»»

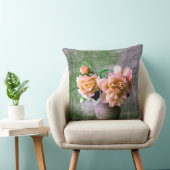 Coussin Fleurs de corail en Vase gris rose orange (Chaise)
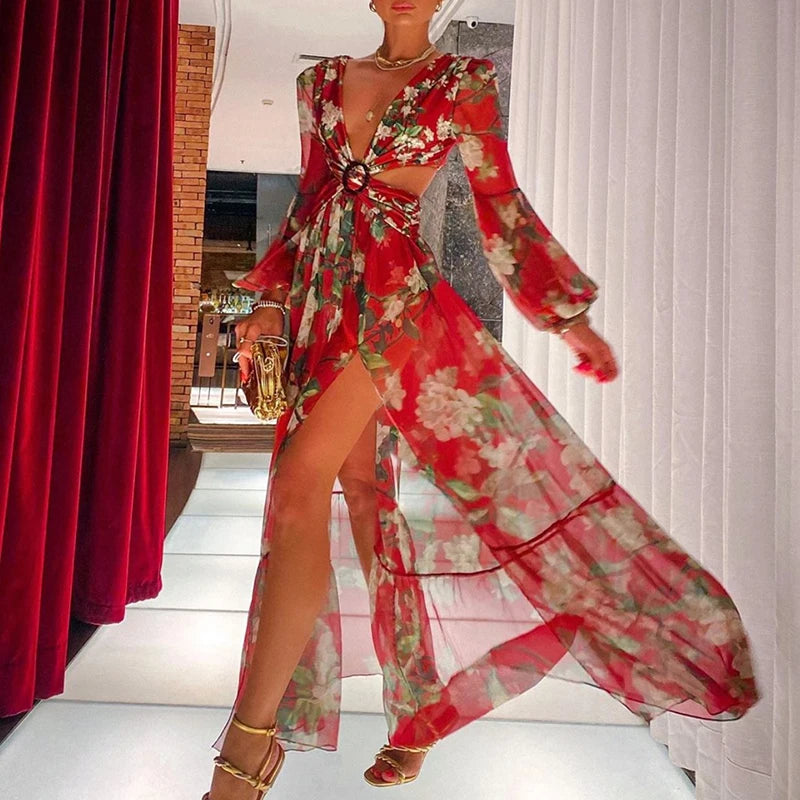 Stylish Beach Cover Up Bikini Print Kimono Tunic - Image 5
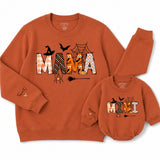 Custom Halloween Mama Mini Sweatshirt and Romper with Witch Hat and Spider Web Artwork, Matching Mom Baby Outfits, Sizes NB-2XL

««

What is expected: All of the data above is to be repeated exactly, with the pictures left out.

Result:
 Coussin Fleurs de corail en Vase gris rose orange (Chaise)
 Stylish Beach Cover Up Bikini Print Kimono Tunic - Image 5
 Custom Halloween Mama Mini Sweatshirt and Romper with Witch Hat and Spider Web Artwork, Matching Mom Baby Outfits, Sizes NB-2XL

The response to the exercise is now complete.